Hasitha Fernando reviews the first season of the Netflix series Marianne…
Marianne follows the tale of successful French horror writer Emma Larsimon (Victoire Du Bois), who is dragged back to her hometown, when the dark entity that has haunted her childhood memories return, fifteen-years later.
To say that I was a huge fan of The Haunting of Hill House, is a bit of an understatement. The afore mentioned gothic horror-drama which made its debut last year on Netflix, simply blew me away with its brain-melting narrative, strong character development and excellent performances. But of course, the series benefitted immensely from writer-director Mike Flanagan (Ouija: Origin of Evil, Gerald’s Game) being at the helm. Marianne on the other hand, has none of the above-mentioned pedigree to boast of. So, based simply on Netflix’s past track record and the TV series’ intriguing trailers, I decided to give this one a look-see. And I’m very glad I did.
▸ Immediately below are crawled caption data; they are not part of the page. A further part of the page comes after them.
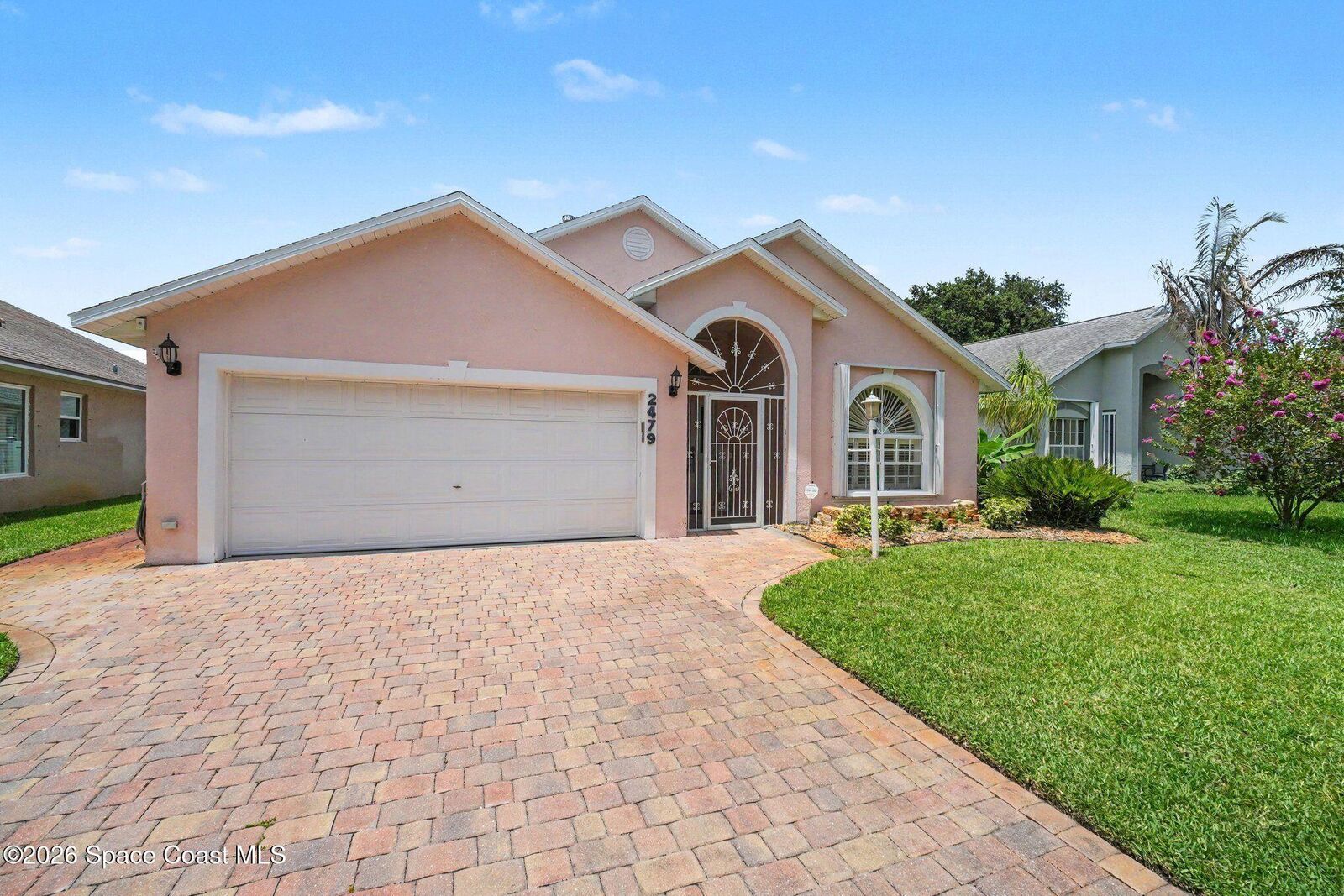 Property Photo: 2479 Coral Ridge Circle FL 32935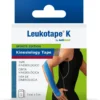 Leukotape Sports Edition Kinesologtape Blue 5 cm x 5 m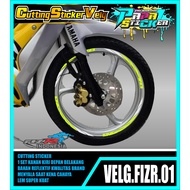 STIKER VELG FIZR CUTTING STICKER VELG CUTTING VARIASI YAMAHA FIZR LIS BAN/VELG 01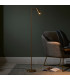 Dedicated LED Reader Task Floor Lamp Warm Brass-2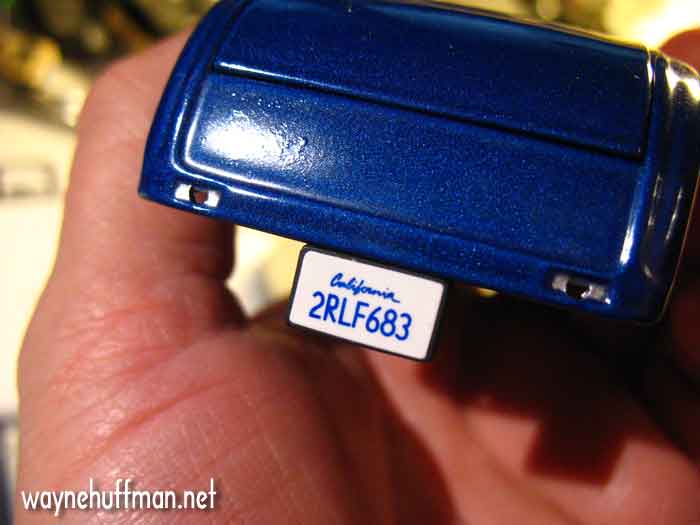 testors roadster 7121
Marianne is a vastly different experience to The Haunting of Hill House. From the get-go there is a perpetual sense of overwhelming dread that permeate throughout the proceedings. The gorgeously moody cinematography at display here, plays an instrumental role in crafting the sepulchral atmosphere and setting the overall tone for the series. Even seemingly innocuous locales are imbued with a sense of grim foreboding and lurking danger. Kudos to DOP Philip Lozano, for his stellar contribution to the series. The soundtrack too, changes chameleon-like with each scene; shifting from joyfully whimsical to full-blown horror at the drop of a hat. A great soundtrack plays an integral role in the horror genre, and I tip my hat to monsieur Thomas Cappeau, for his work here. Absolutely astounding.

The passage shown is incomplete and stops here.